- **RAW DATA**
.....

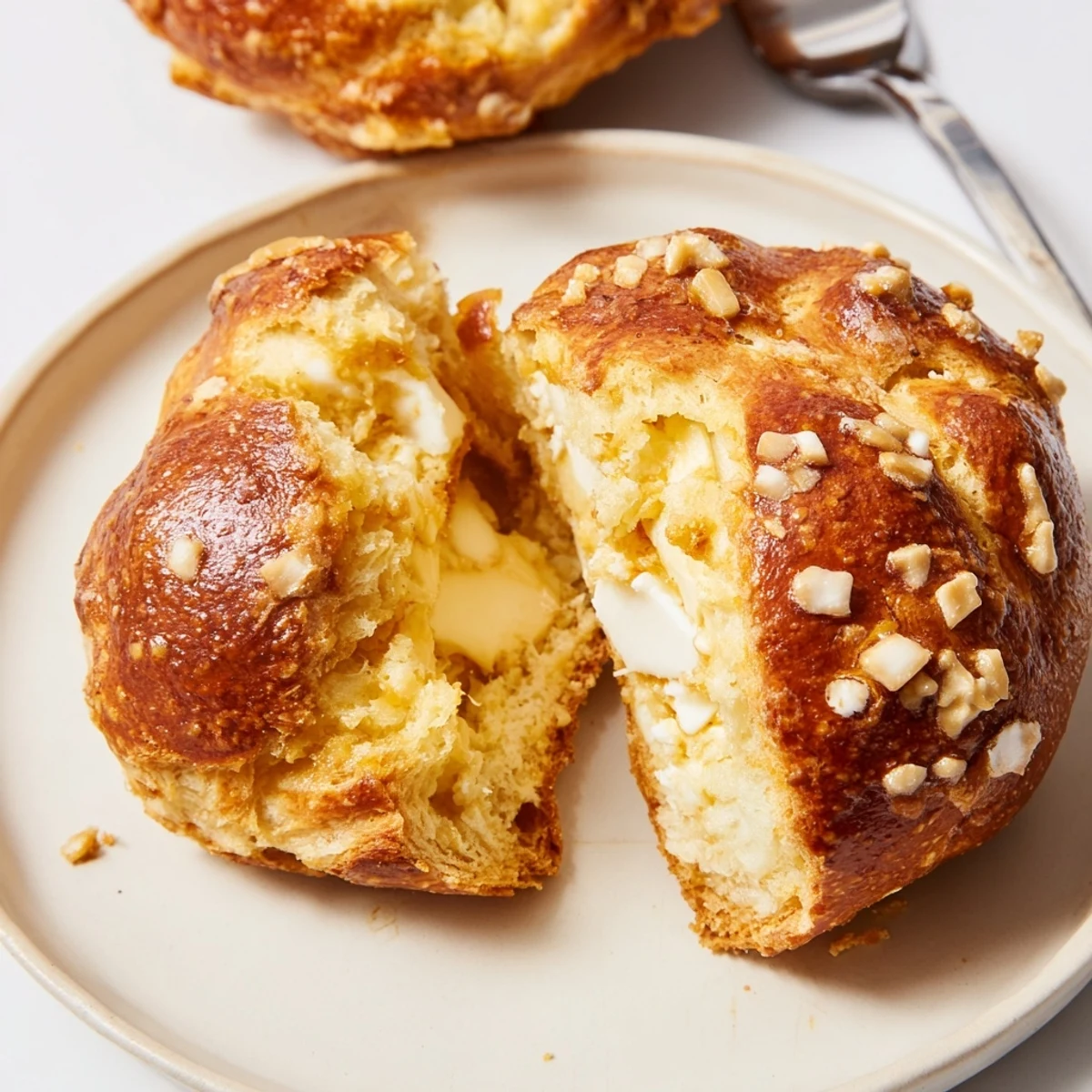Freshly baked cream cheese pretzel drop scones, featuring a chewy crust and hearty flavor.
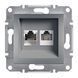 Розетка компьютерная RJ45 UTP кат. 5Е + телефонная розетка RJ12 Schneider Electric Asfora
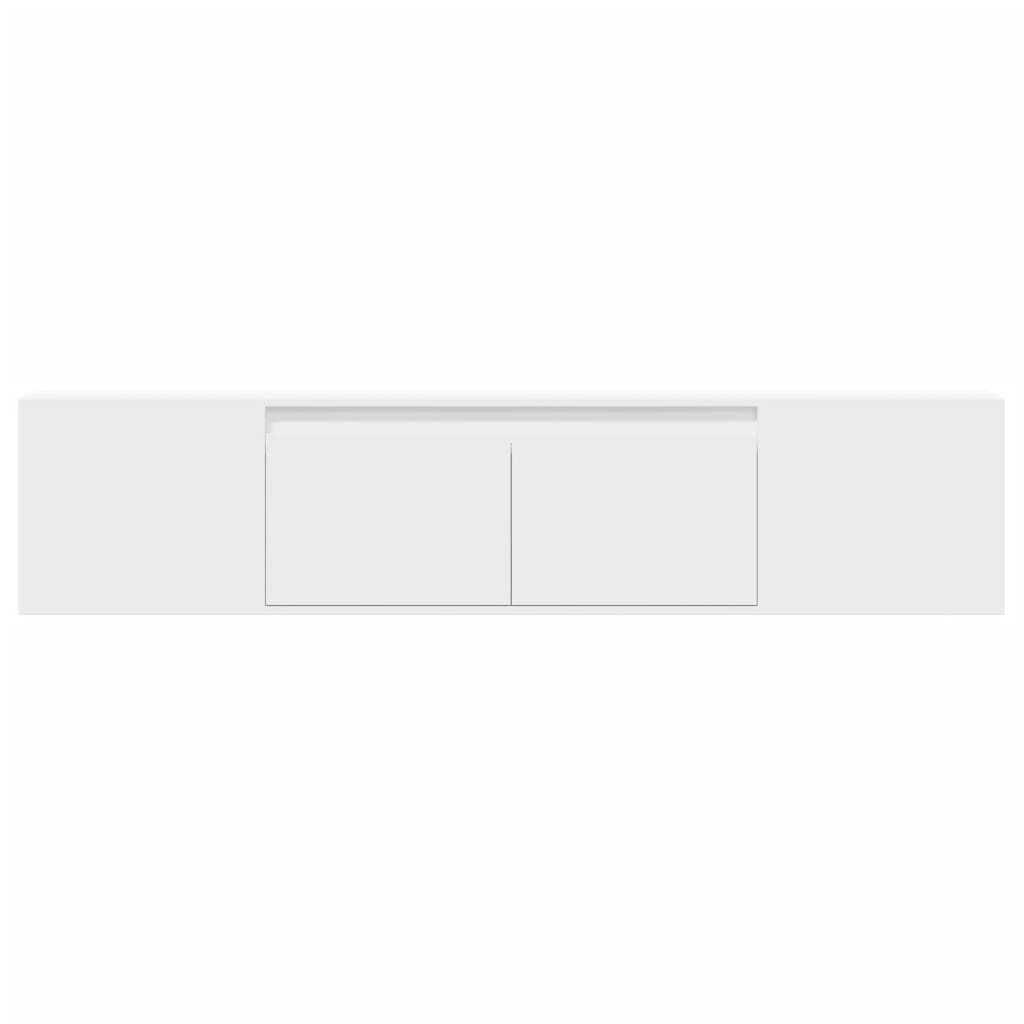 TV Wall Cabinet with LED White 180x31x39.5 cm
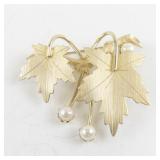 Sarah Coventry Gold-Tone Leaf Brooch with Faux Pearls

.....

- **INSTRUCTIONS TO FOLLOW**
In full and without change, repeat the material above, minus the pictures.

- **EXPECTED ANSWER**
Freshly baked cream cheese pretzel drop scones, featuring a chewy crust and hearty flavor.
 Розетка компьютерная RJ45 UTP кат. 5Е + телефонная розетка RJ12 Schneider Electric Asfora
 TV Wall Cabinet with LED White 180x31x39.5 cm
 Sarah Coventry Gold-Tone Leaf Brooch with Faux Pearls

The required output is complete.